As for the end users, they aren't supposed to create any : this is a
privileged operation. However, for the operating system, this is very
useful.

Consider for example a program that stores some data within its /tmp. In
my OS, every process is chrooted, so he needs to have its own /tmp. But
then, this raises several issues :
1) Some applications use /tmp as a means of communication between each
other. POSIX explicitely allows this. So how is this supposed to work if
two applications, in two different chroots, try to communicate in this way?
2) How is this /tmp directory supposed to be cleaned when the system
shuts down?

The solution is to use directory hardlinks. This way :
- applications that want to communicate through /tmp can simply specify
that they have a dependancy on a package that provides a /tmp directory
for them; this way, the package manager will create a directory hardlink
named "/tmp" towards it in their chroot, and they will be able to do
their thing;
- as for the cleaning of /tmp, it is done by having all the /tmp
directories of all the applications hardlinked within the chroot of the
script tasked with cleaning them.

Symlinks, of course, wouldn't work, as they would require giving at
least one application access to the other's root.

>
> But if I were going to do such an insane thing, instead of trying to
> do it by repurposing an inode field and using an inode, I'd probably
> do it by using a bit in the file_type field of the directory entry to
> indicate that it's this special "directory hard link" thing.
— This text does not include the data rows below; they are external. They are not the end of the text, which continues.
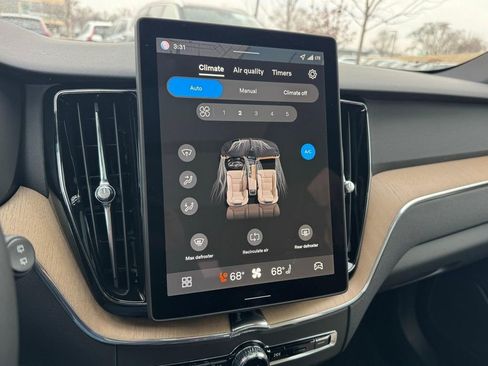 New 2026 Volvo XC60 B5 Plus w/ Climate Package image 17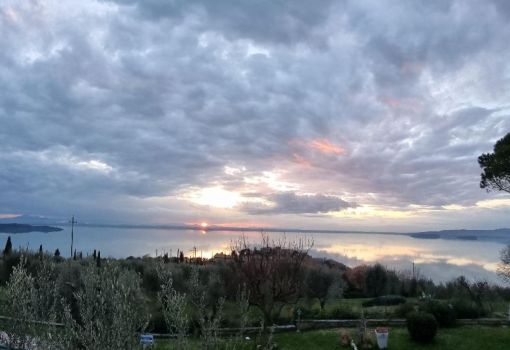 UNI EN SEPTEMBER AAN HET MEER VAN TRASIMENO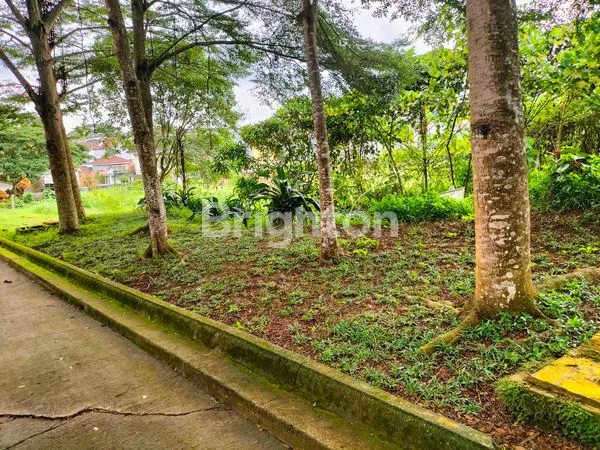 image LAHAN EKSKLUSIF 300M², SIAP BANGUN DI CITRALAND (1)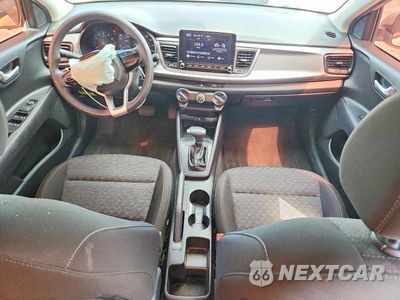 Zdjęcie 8 z 12 samochodu: 2022 KIA RIO LX VIN:3KPA24AD3NE506251 - miniatura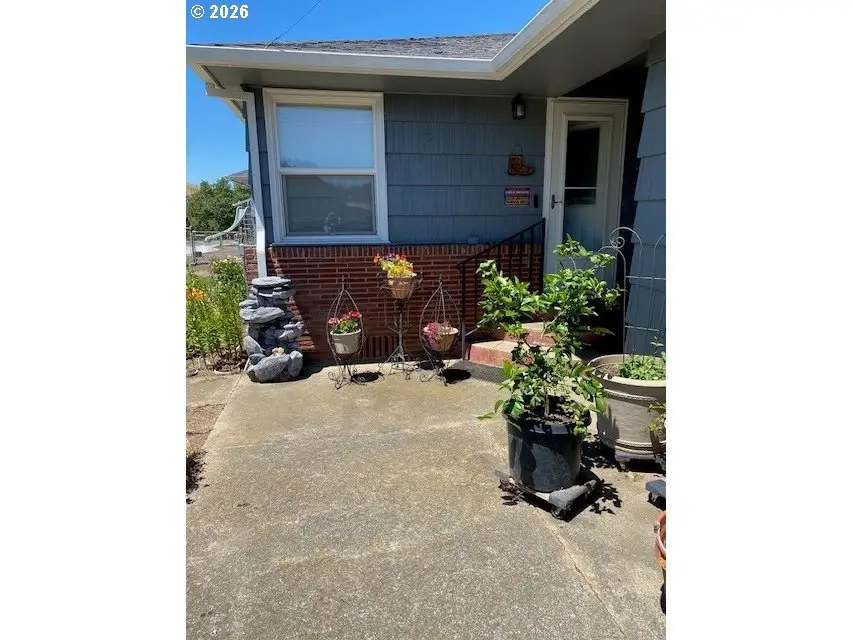8017 Old Highway 99, Roseburg, OR 97470 - #2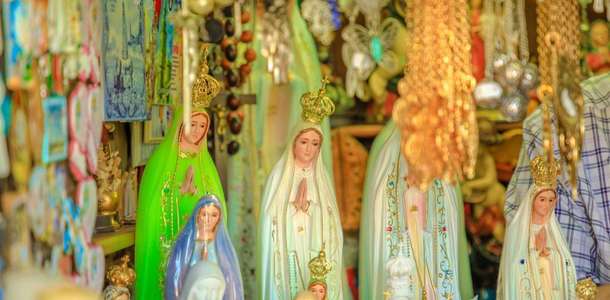 Our Lady of Sion Convent ve diğer dini yapıları görün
Well, I'm using the underlying file as a mount point, so not having any
file seems tricky. And I'm considering using the file's *content* to
allow turning them into automatic cross-partition hardlinks. (Which
would certainly not be very *hard* -links anymore, but I think I
wouldn't be the first OS to implement not-so-hard hardlinks).

This
> doesn't solve the semantic questions of what happens if you want to
> delete a directory that has one or more hard links to it, though.

Deleting a directory that has one or more hardlinks towards it simply
fails. (In my ext2l partitions, in the case of directories, I have used
the fragment address field as a counter of hardlinks). My directory
hardlinks are fundamentally different from other hardlinks, both in
their implementation (an additional inode type instead of an additional
directory entry) and in their behaviour (the first hardlink is different
from the other ones).

Regards,

Emmanuel

2014-04-15 23:34:38

by Theodore Ts'o

[permalink] [raw]
Subject: Re: [RFC][6/11][MANUX] Kernel compatibility : directory hardlinks

On Wed, Apr 16, 2014 at 01:12:53AM +0200, Emmanuel Colbus wrote:
> The solution is to use directory hardlinks. This way :
> - applications that want to communicate through /tmp can simply specify
> that they have a dependancy on a package that provides a /tmp directory
> for them; this way, the package manager will create a directory hardlink
> named "/tmp" towards it in their chroot, and they will be able to do
> their thing;
> - as for the cleaning of /tmp, it is done by having all the /tmp
> directories of all the applications hardlinked within the chroot of the
> script tasked with cleaning them.


That's what "bind mounts" in Linux are used for.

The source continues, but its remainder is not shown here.